Partiamo da Marine Le Pen. Condannata a quattro anni di carcere, di cui due sospesi, e cinque anni di ineleggibilità per appropriazione indebita di fondi pubblici europei tra il 2004 e il 2016, la tempestosa leader del Rassemblement National più che dei magistrati filo europeisti è vittima di se stessa. Dopo aver predicato negli anni passati un inasprimento delle pene proprio contro i politici che si sono macchiati dei medesimi reati per i quali oggi è stata giudicata (ne chiedeva l’ineleggibilità a vita), ora è stata presa con le mani nella marmellata. E adesso come può attribuire la ragione ultima della propria condanna ai giudici «nemici»? Vero che personalmente non ha intascato un centesimo. Ma, in democrazia, stornare 2,9 milioni di euro per undici anni, creando un sistema di impieghi fittizi che consisteva nel far lavorare per il proprio partito assistenti parlamentari dei deputati europei con i soldi del contribuente europeo – fino a prova contraria, e vedremo se salterà fuori nel processo d’appello – era e resta un reato cristallino. Anche quando a commetterlo è la figura politica più influente di Francia.
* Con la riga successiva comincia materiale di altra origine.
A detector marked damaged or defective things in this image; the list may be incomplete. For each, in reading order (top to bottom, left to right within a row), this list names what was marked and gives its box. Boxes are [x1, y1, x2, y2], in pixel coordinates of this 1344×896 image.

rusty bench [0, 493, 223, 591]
Diverso il caso di Călin Georgescu, candidato populista alle presidenziali romene, giunto in testa ai sondaggi con il 40% al primo turno in novembre, che si è visto respingere il ricorso contro la decisione dell’Ufficio elettorale nazionale di escluderlo dalle Presidenziali di maggio. L’accusano di aver truccato la campagna elettorale con l’aiuto della Russia. Accuse partite – guarda caso – a ridosso della sua probabile vittoria elettorale. Ma – a parte la negazione dei crimini contro l’umanità – in regime democratico nessuno può essere condannato per le proprie opinioni personali. Georgescu non ci piace, è un inquietante filorusso e preferiremmo di gran lunga un leader amico dell’Europa, ma non può essere perseguitato per le sue idee. Ha ragione il giornalista Marco Travaglio: «Sono preoccupato che i cosiddetti democratici pensino di difendere la democrazia abolendo le elezioni. Non sono democratici quelli che aboliscono le elezioni ogni volta che le perdono. Perché? Perché danno ragione a quelli che dicono che la democrazia è finta, e che quindi ne possiamo fare a meno».
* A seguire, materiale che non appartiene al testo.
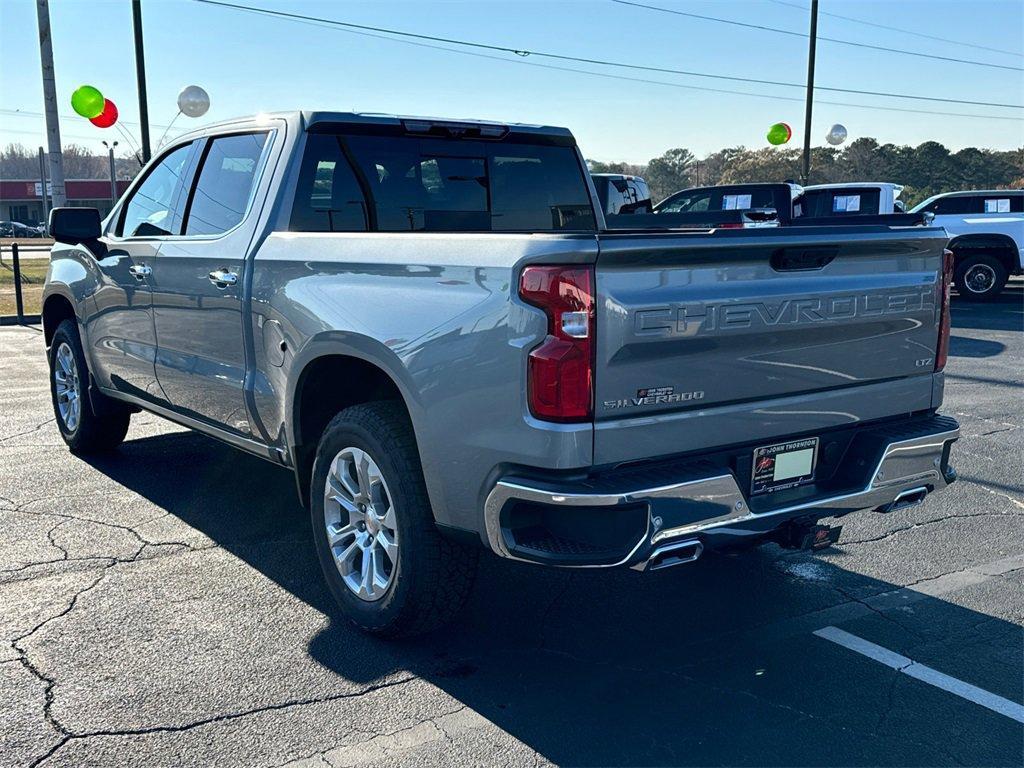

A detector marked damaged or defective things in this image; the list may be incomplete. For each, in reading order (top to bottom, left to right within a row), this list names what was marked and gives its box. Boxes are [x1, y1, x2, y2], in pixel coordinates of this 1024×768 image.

crack in asphalt [29, 675, 417, 765]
Un altro caso in cui la legge mette in salamoia i politici riguarda il sindaco di Istanbul, Ekrem İmamoğlu, arrestato per corruzione e favoreggiamento al terrorismo, con proteste e scontri di piazza. Che strano: İmamoğlu è il principale rivale del presidente Erdoğan per le Presidenziali del 2028. Secondo Amnesty International contro di lui è in atto una strumentalizzazione di vaghe accuse per perseguitare gli oppositori politici al regime. Il controllo del Governo su media, magistratura e dissidenti, soprattutto dopo il fallito colpo di stato del 2016 è infatti maniacale. İmamoğlu, quindi, non è tanto vittima dei giudici, ma del «sistema Erdoğan».
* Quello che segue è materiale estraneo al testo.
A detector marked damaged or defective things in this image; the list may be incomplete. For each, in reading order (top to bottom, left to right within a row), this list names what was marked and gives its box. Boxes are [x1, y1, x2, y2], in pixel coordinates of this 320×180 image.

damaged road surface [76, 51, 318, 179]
La Francia è una democrazia di lungo corso, la Romania una democrazia adolescente e fragile, la Turchia una democrazia nella forma ma un’autocrazia nella sostanza. In un regime democratico la magistratura può anche sbagliare, ma è l’unico contrappeso istituzionale in grado di controllare le devianze della politica. In un regime antidemocratico la magistratura è invece una clava nelle mani dei «servitori del popolo» per polverizzare i propri avversari.